The answer may be found in

The Hitchhiker's Guide to the Galaxy

Our traveling companion Wikipedia informs us
The Hitchhiker's Guide to the Galaxy is a science fiction comedy series created by Douglas Adams. Originally a radio comedy broadcast on BBC Radio 4 in 1978, it was later adapted to other formats, and over several years it gradually became an international multi-media phenomenon.

Adaptations have included stage shows, a "trilogy" of five books published between 1979 and 1992, a sixth novel penned by Eoin Colfer in 2009, a 1981 TV series, a 1984 computer game, and three series of three-part comic book adaptations of the first three novels published by DC Comics between 1993 and 1996.

There were also two series of towels, produced by Beer-Davies, that are considered by some fans to be an "official version" of The Hitchhiker's Guide to the Galaxy, as they include text from the first novel.

A Hollywood-funded film version, produced and filmed in the UK, was released in April 2005, and radio adaptations of the third, fourth, and fifth novels were broadcast from 2004 to 2005. Many of these adaptations, including the novels, the TV series, the computer game, and the earliest drafts of the Hollywood film's screenplay, were done by Adams himself, and some of the stage shows introduced new material written by Adams.

The title is the name of a fictional, eccentric, electronic travel guide, The Hitchhiker's Guide to the Galaxy, prominently featured in the series.

That's all well and good, Abq Jew hears you say.
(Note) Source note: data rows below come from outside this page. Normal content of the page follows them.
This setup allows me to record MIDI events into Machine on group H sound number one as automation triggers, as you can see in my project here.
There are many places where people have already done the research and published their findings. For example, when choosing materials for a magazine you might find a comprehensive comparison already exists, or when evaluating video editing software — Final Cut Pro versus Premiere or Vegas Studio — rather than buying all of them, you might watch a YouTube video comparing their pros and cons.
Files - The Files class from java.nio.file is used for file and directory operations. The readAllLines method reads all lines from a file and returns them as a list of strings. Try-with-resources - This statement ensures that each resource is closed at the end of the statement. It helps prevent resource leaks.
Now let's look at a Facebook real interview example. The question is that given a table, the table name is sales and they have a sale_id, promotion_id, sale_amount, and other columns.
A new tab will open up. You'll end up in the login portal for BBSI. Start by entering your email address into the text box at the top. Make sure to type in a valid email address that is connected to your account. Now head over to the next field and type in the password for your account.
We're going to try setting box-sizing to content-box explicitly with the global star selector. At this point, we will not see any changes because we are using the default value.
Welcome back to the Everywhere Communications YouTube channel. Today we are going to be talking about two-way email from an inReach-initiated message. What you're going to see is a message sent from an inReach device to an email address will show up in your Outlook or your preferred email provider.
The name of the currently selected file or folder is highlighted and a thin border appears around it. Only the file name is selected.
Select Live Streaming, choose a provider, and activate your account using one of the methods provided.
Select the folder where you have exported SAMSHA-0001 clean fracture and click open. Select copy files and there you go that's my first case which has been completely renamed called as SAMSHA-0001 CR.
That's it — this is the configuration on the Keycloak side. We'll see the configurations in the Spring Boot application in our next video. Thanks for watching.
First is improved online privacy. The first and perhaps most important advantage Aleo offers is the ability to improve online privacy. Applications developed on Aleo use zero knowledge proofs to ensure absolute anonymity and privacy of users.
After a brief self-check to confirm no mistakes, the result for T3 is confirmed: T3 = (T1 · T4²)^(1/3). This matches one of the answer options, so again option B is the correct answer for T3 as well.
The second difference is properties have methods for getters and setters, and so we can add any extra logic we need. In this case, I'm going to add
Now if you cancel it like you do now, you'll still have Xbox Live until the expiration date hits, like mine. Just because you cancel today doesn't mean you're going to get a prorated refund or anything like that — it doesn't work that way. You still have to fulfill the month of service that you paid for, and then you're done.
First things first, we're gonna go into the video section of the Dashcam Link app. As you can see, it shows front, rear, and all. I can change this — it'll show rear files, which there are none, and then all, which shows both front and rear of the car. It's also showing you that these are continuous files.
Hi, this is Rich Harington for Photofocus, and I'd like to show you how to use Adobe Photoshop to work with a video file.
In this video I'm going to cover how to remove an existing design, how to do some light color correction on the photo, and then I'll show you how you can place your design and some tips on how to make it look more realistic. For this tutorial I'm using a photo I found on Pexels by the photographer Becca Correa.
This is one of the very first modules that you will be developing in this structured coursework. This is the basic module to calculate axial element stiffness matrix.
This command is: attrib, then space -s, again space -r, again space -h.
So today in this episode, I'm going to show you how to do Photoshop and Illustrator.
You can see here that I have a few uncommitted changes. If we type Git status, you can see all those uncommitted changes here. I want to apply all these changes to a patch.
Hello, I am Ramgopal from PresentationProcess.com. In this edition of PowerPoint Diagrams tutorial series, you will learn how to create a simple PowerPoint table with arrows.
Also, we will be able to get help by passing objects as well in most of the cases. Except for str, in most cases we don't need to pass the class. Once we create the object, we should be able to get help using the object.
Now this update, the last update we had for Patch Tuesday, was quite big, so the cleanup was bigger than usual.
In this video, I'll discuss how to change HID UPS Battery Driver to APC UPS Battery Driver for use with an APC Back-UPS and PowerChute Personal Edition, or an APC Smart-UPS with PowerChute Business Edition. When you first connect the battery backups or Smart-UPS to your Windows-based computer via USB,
But where does the number 42 fit in?

Wikipedia (a different entry) explains:
In the first novel and radio series, a group of hyper-intelligent pan-dimensional beings demand to learn the Answer to the Ultimate Question of Life, The Universe, and Everything from the supercomputer, Deep Thought, specially built for this purpose. It takes Deep Thought 7½ million years to compute and check the answer, which turns out to be 42. The Ultimate Question itself is unknown.
 How, pray tell, can one derive the Ultimate Question?
At the end of the radio series (and television series, as well as the novel The Restaurant at the End of the Universe) Arthur Dent, having escaped the Earth's destruction, potentially has some of the computational matrix in his brain. He attempts to discover The Ultimate Question by extracting it from his brainwave patterns, as abusively suggested by Ford Prefect, when a Scrabble-playing caveman spells out forty two.
Arthur pulls random letters from a bag, but only gets the sentence
"What do you get if you multiply six by nine?"
Baseball fans will note that Jackie Robinson wore number 42, and that the number 42 has been retired from all Major League Baseball teams - except one. 

New York Yankees fans (of which Abq Jew is certainly one) will note that the exception is relief pitcher Mariano Rivera.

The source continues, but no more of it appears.